Mi abuelita María (mamá de mi mamá) fue quien me enseñó a rezar. Los fines de semana iba a su casa y ahí, entre deliciosas tazas de chocolate y dulce pan, me enseñó el Padre Nuestro, el Ave María y otros rezos que, en su voz tierna y bondadosa, me ayudaron a reconocer y reverenciar lo sagrado.

Llegado el momento, mamá le pidió que me preparara para hacer la primera comunión, y se planeó que la hiciera en Coatzacoalcos, Veracruz, durante unas vacaciones que pasaríamos en casa de mi tío Fernando, que allá vivía.

Reprobado en primera comunión

Me aprendí los rezos, los mandamientos, y todo fue muy bien, hasta que llegó el momento de tener una reunión con el sacerdote de la iglesia donde se realizaría la ordenanza, la noche anterior a tal evento.

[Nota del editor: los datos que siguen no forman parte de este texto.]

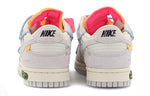 Nike x Off-White Dunk Low 'Lot 38 of 50' DJ0950-113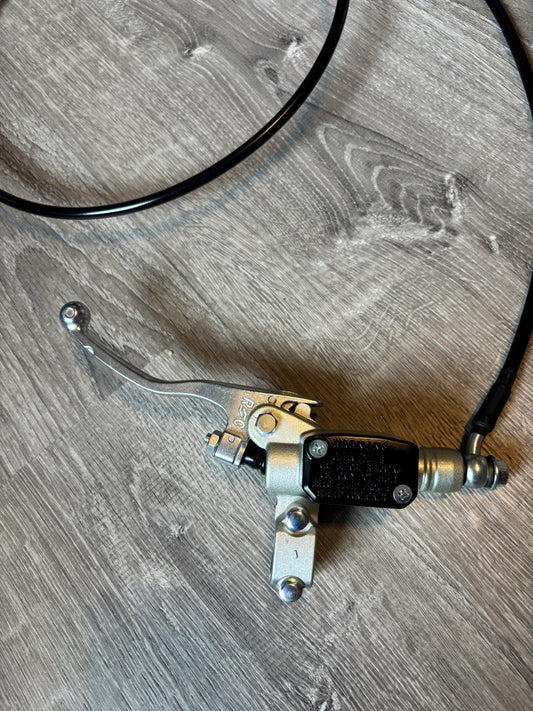 Budget Razor Handbrake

Había varias personas en la reunión, y en cierto momento, el padre, que hablaba (creo) de la relación del ser humano con Dios, lanzó la pregunta “¿Nosotros somos animales?”, y entonces voltea conmigo y me hace la misma pregunta ya directamente a mí. Lo que el padrecito no sabía es que  a mí, imberbe niño de tercero de primaria, me acababan de enseñar en la escuela que había tres reinos, el reino animal, el reino vegetal y el reino mineral, y que el hombre pertenecía al primero. Así que, entre lo que le pensaba si acaso era aquella una pregunta capciosa, dudé en responder, y entonces el padre, señalándome con dedo flamígero, dictó sentencia condenatoria: “Este niño no puede hacer la primera comunión, ¡no sabe si es un animal!”. Tras ese comentario, que más que nunca me hizo sentir perteneciente al susodicho reino, ya cuando me preguntó los rezos, se me puso la mente en blanco e hice mutis, así que el padre me despachó a mi casa sin autorizarme la comunión.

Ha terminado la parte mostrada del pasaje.